-- Information shown follows --

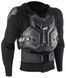 Захист тіла LEATT 6.5 Body Protector [Graphene], S 5021400100 фото 3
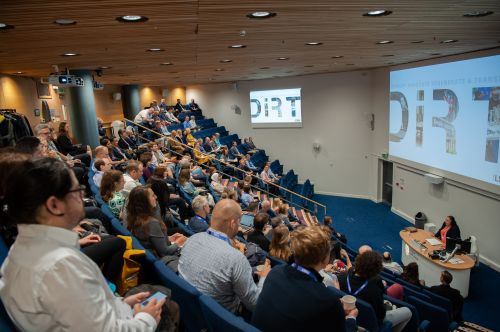 24th International Conference on Engineering & Product Design Education (E&PDE 2022)
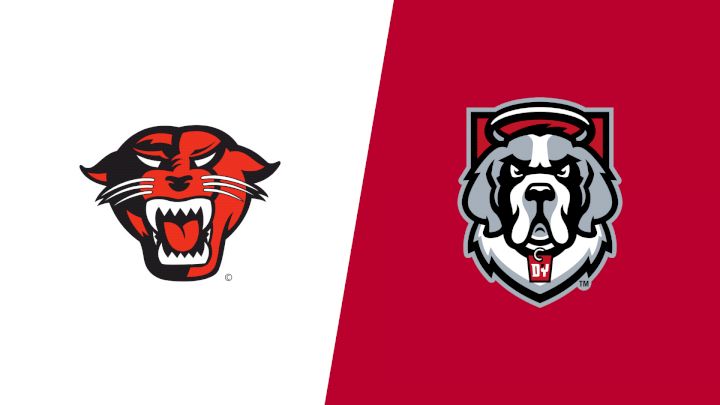 2026 Davenport vs D'Youville - Women's Lacrosse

-- Information shown concluded --

• **What is needed**
Print out all the material word for word but exclude any images.

• **Answer section**
 Захист тіла LEATT 6.5 Body Protector [Graphene], S 5021400100 фото 3
 24th International Conference on Engineering & Product Design Education (E&PDE 2022)
 2026 Davenport vs D'Youville - Women's Lacrosse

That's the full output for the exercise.